Did Barroso learn about the Hungarian announcements? I doubt it, but even if he did I don’t think that he would have fallen for the dire messages about impending bankruptcy. Of course, we don’t know what kind of story Orbán told Barroso. Very possibly the same his faithful lieutenants frightened the Hungarians and the world with. From Barroso’s public statement it is clear that the president of the European Commission wasn’t moved. But by that time the whole mechanism had been put into motion.

Late last night Péter Szijjártó, who accompanied Viktor Orbán to Warsaw and from there to Brussels, returned to Budapest and gave an interview to MTV’s “Az este,” an evening political program. The transcript of Szijjártó’s conversation can be found here. In it Szijjártó minimized the financial turmoil that had beset Hungary. He even joked about the connection between Lajos Kósa’s speech and the fall of the Hungarian forint. Let’s keep in mind that Péter Szijjártó cannot utter a word without first consulting with Viktor Orbán.

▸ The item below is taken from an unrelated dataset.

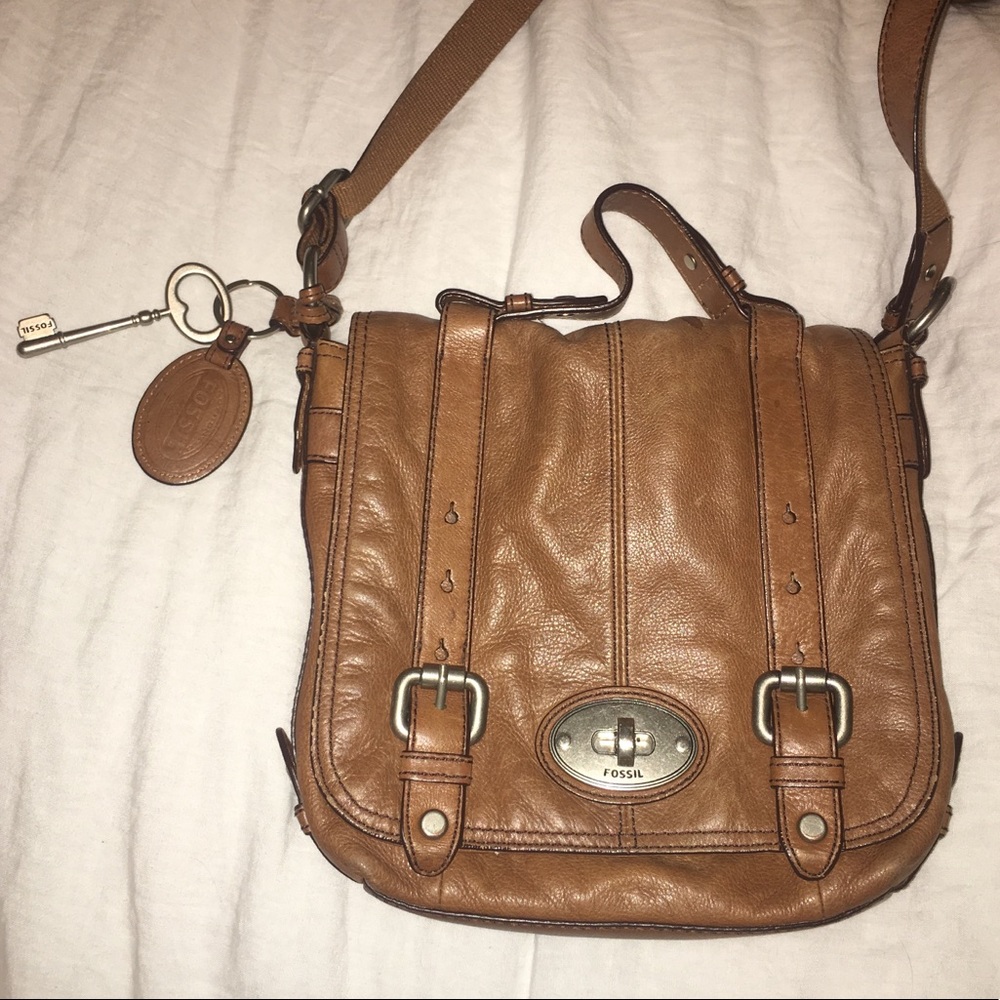 Fossil Maddox Leather Crossbody Bag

Some analysts assume that Orbán and his team simply have difficulties switching from their position as spokesmen of an opposition party when they could say anything without serious consequences to their status as responsible representatives of a government. But this seems a weak explanation since Péter Szijjártó was sent out again this afternoon to give another press conference with the same message Kósa had formulated the day before. Szijjártó announced that he didn’t think that Kósa’s description of the situation was an exaggeration and repeated Kósa’s sentence about Hungary’s slim chance of avoiding Greece’s fate. He repeated Kósa’s charge that the previous Hungarian government had falsified the figures just like the Greeks had. The Hungarian government is ready to avoid Greece’s fate and, after finding out the truth, it will not hesitate to announce its plans.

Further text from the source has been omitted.